(Beginning of MATERIAL FOR THE TASK)

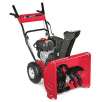 Yard Machines 208cc 4-Cycle OHV Powermore - Two Stage Snow Thrower
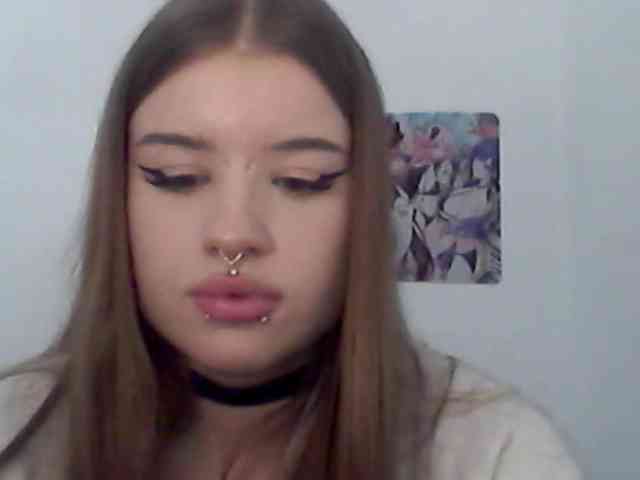 MollyLolly MollyLolly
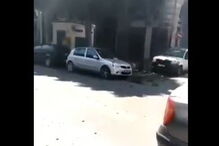 Ataque terrorista faz pelo menos dois mortos e quatro feridos na Tunísia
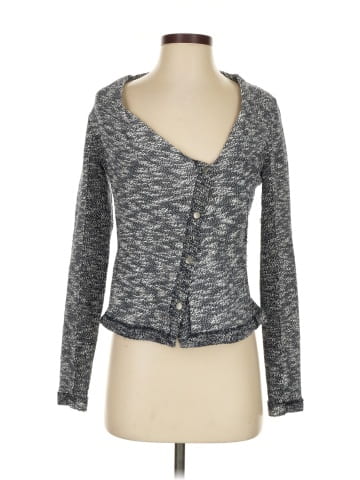 Saturday Sunday Cardigan (view 1)
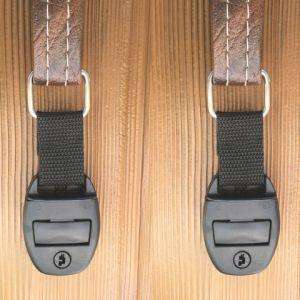 Buckle Replacement Kit
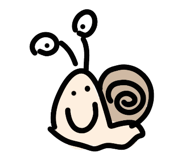 797147842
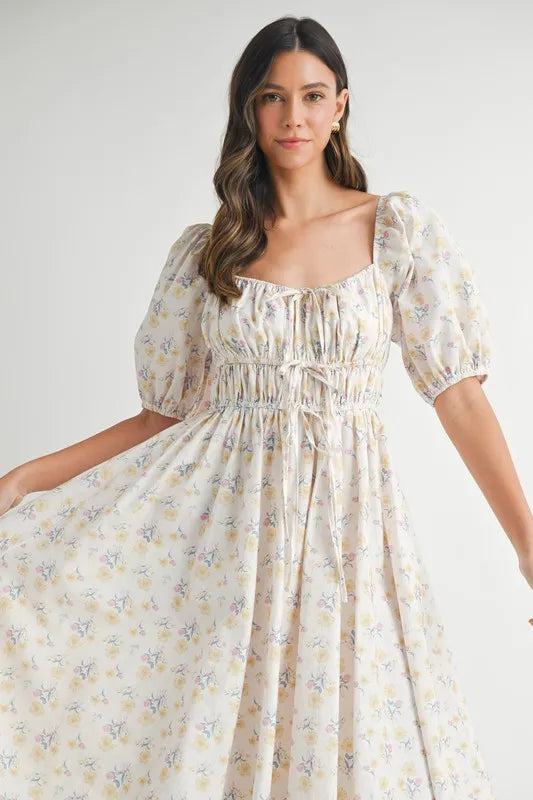 2f02d3c377d34231ab779d1f508c45da-Max-Origin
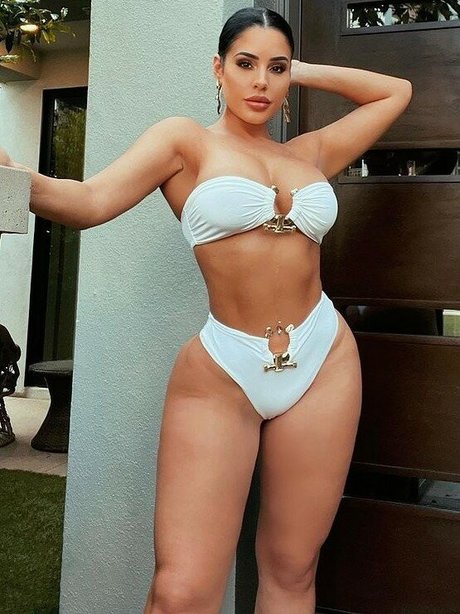 unexpected onlyfans top pic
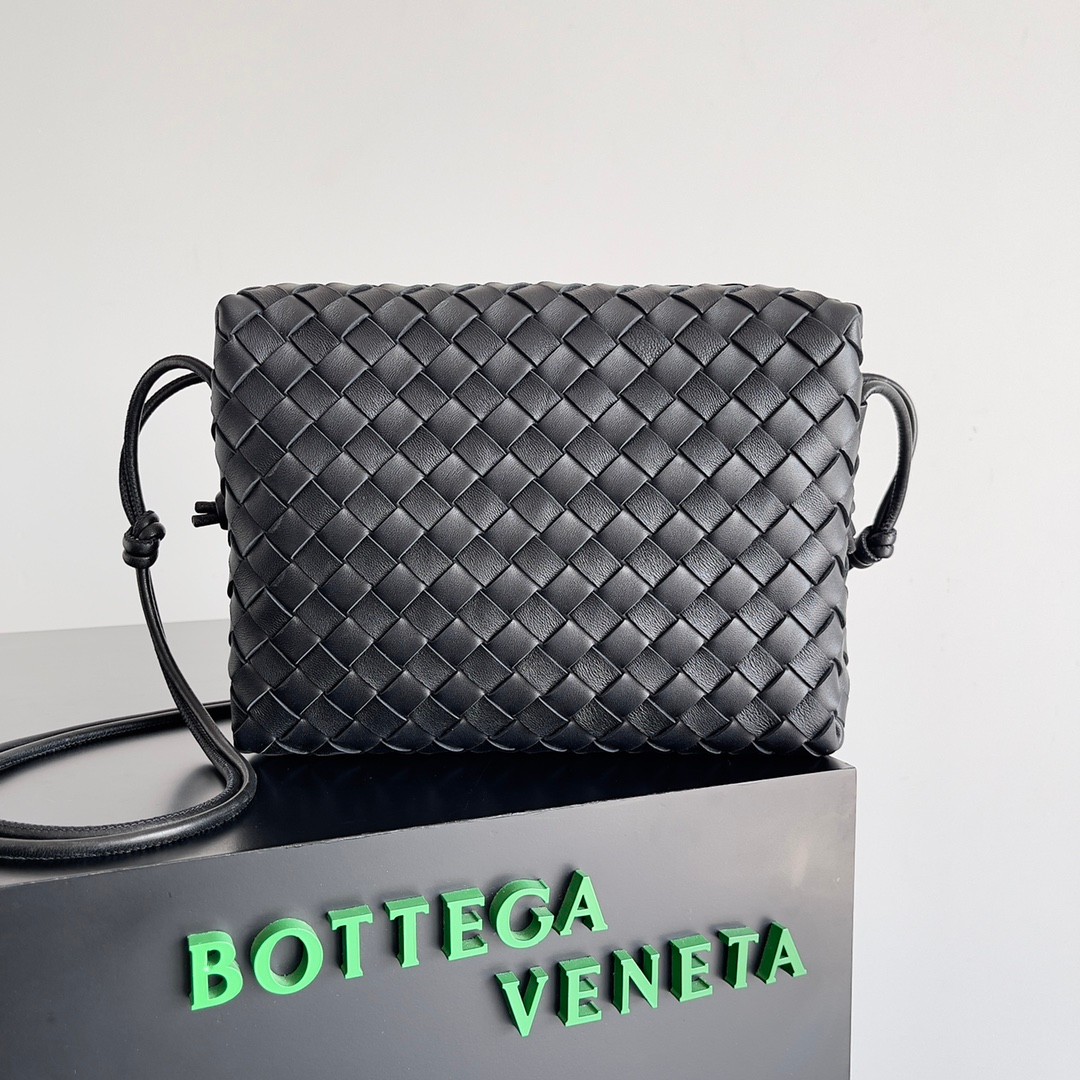 Bottega Veneta Bag – Montanamode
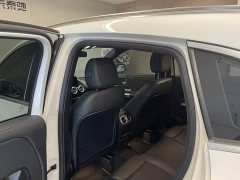 Mercedes-Benz GLA 2023 GLA 220 - ფოტო 19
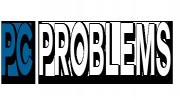 PC Problems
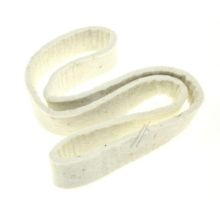 Dichtung Waschmaschine 481246628116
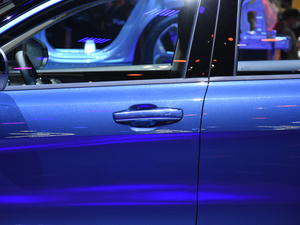 20212.0TD (q)ҹ (ji)^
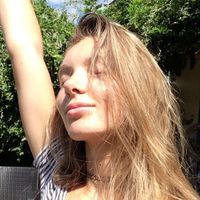 Beverly Felten的照片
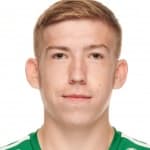 Илиа Порохов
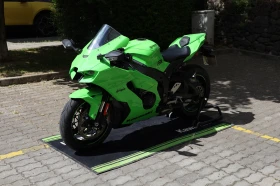 Kawasaki Zxr ZX10-R Ninja | Mobile.bg    2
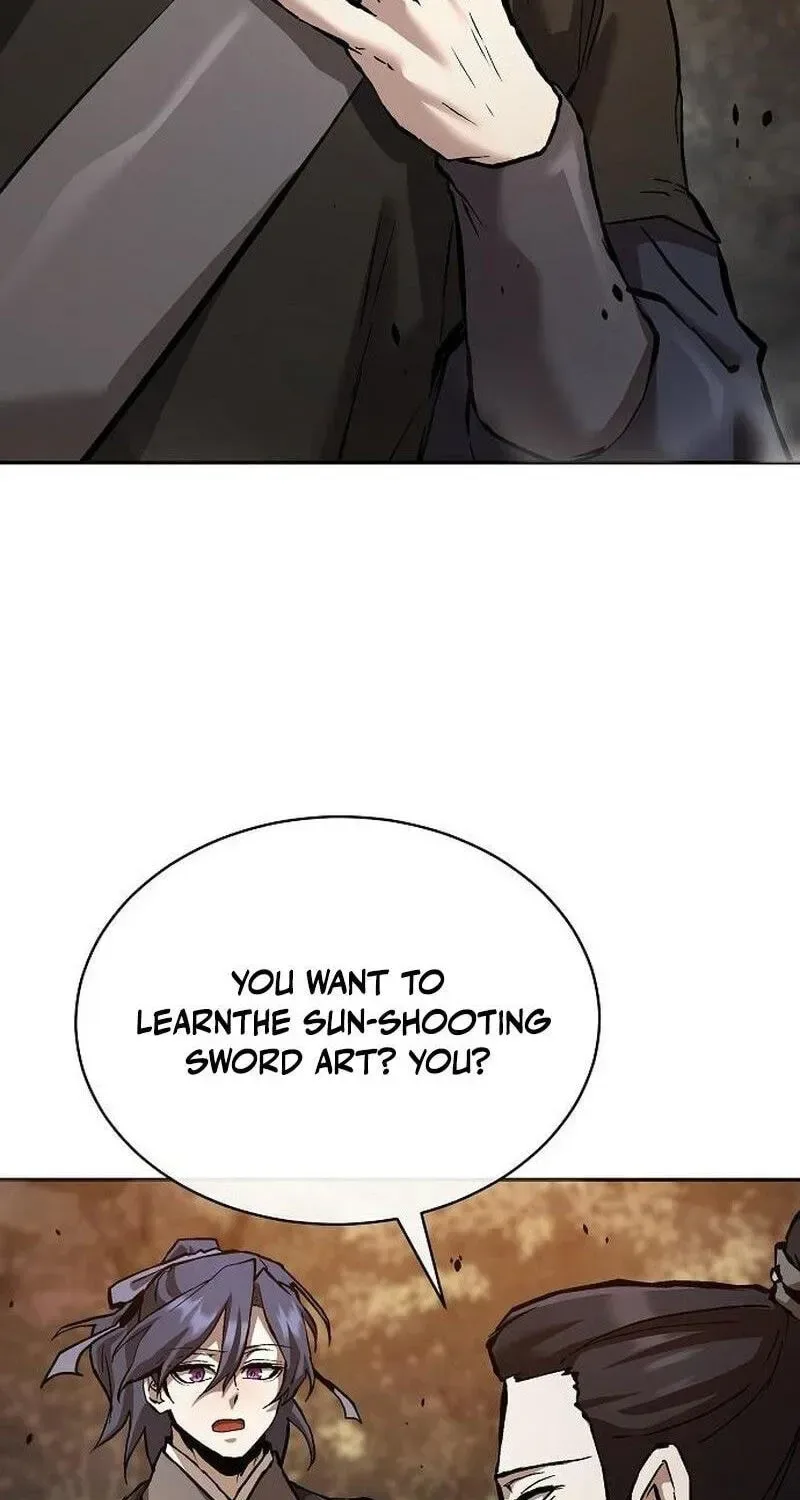 Reborn on the Demonic Cult Battlefield Chapter 47 page 100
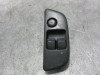  MANDO ELEVALUNAS DELANTERO IZQUIERDO, , 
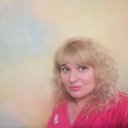 ���� �����, ����, 36 ��� - ��������� 23 ����� 2026 � ������ ���� ����������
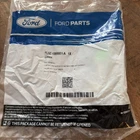 Genuine Ford Front Seat Cushion Repair Kit FL3Z-1560001-A Fits F-150 Oem Part New. Price: $21.25.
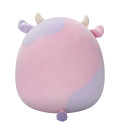 squishmallows Valentine´s Day edition pehme mänguasi, 40 cm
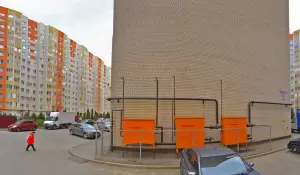 Фотография Beauty Studio 3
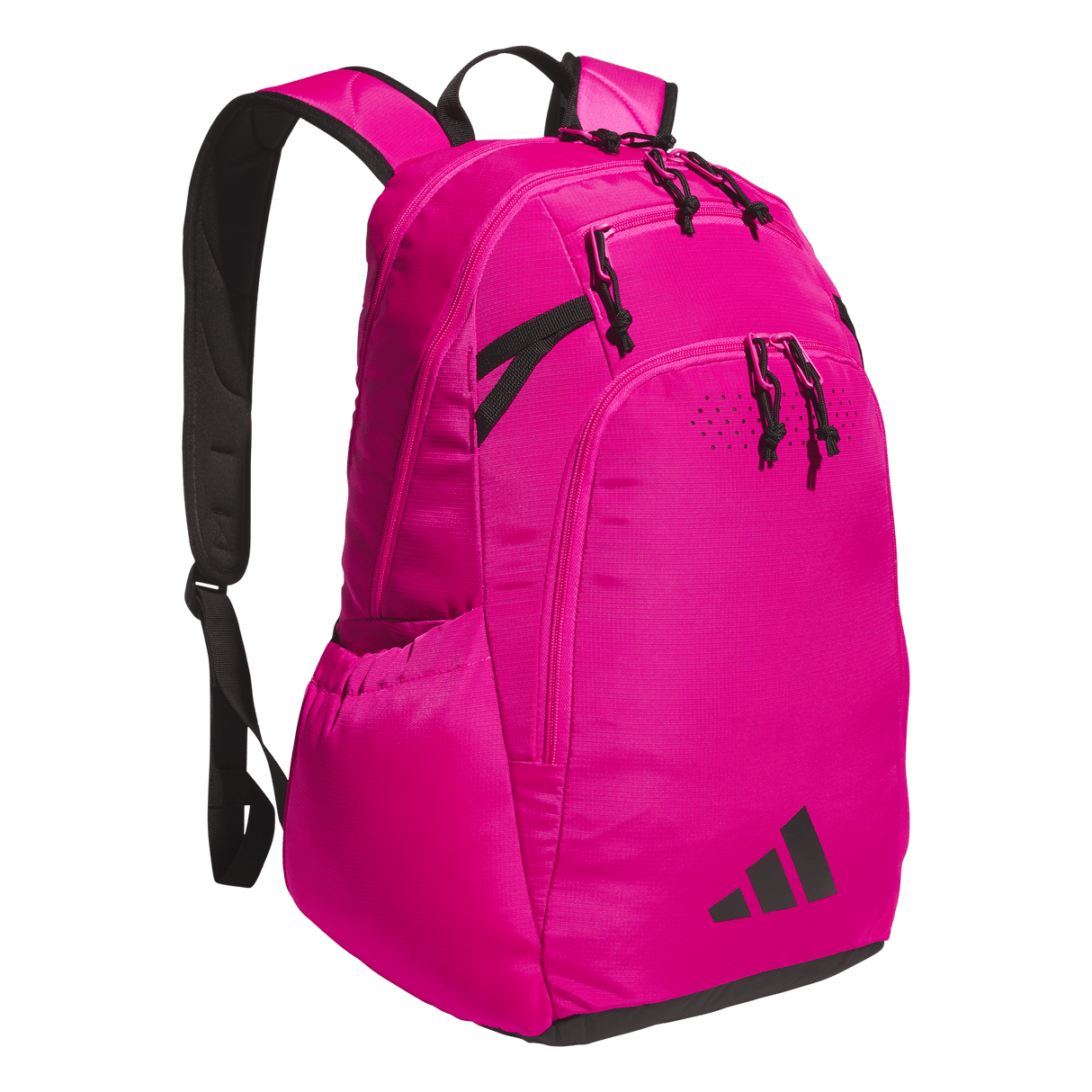 adidas Defender 5 Backpack Unisex Accessories Bags & Backpacks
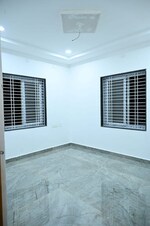 2 BHK + Prayer Room 1245 Sq.Ft. Apartment in Aparna Zenon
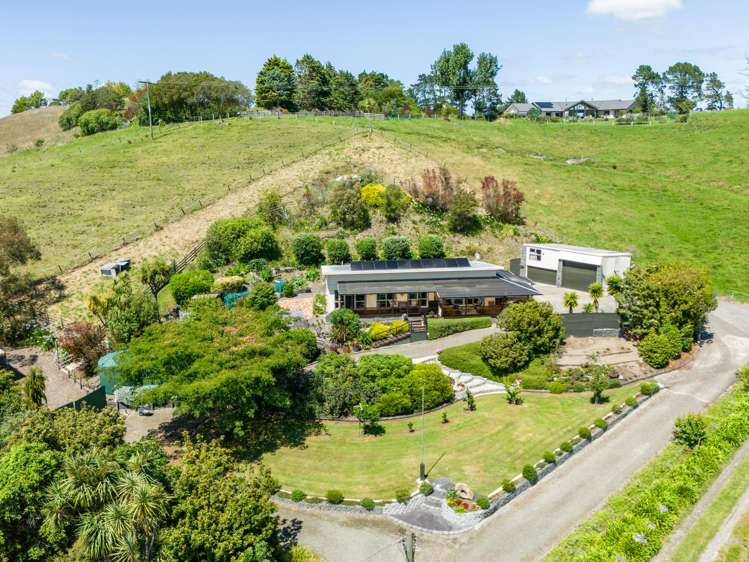 639 Puketapu Road_0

(End of MATERIAL FOR THE TASK)

§ **PROBLEM**
The records above are to be repeated exactly, apart from their pictures.

§ **EXERCISE RESULT**
 Yard Machines 208cc 4-Cycle OHV Powermore - Two Stage Snow Thrower
 MollyLolly MollyLolly
 Ataque terrorista faz pelo menos dois mortos e quatro feridos na Tunísia
 Saturday Sunday Cardigan (view 1)
 Buckle Replacement Kit
 797147842
 2f02d3c377d34231ab779d1f508c45da-Max-Origin
 unexpected onlyfans top pic
 Bottega Veneta Bag – Montanamode
 Mercedes-Benz GLA 2023 GLA 220 - ფოტო 19
 PC Problems
 Dichtung Waschmaschine 481246628116
 20212.0TD (q)ҹ (ji)^
 Beverly Felten的照片
 Илиа Порохов
 Kawasaki Zxr ZX10-R Ninja | Mobile.bg    2
 Reborn on the Demonic Cult Battlefield Chapter 47 page 100
  MANDO ELEVALUNAS DELANTERO IZQUIERDO, , 
 ���� �����, ����, 36 ��� - ��������� 23 ����� 2026 � ������ ���� ����������
 Genuine Ford Front Seat Cushion Repair Kit FL3Z-1560001-A Fits F-150 Oem Part New. Price: $21.25.
 squishmallows Valentine´s Day edition pehme mänguasi, 40 cm
 Фотография Beauty Studio 3
 adidas Defender 5 Backpack Unisex Accessories Bags & Backpacks
 2 BHK + Prayer Room 1245 Sq.Ft. Apartment in Aparna Zenon
 639 Puketapu Road_0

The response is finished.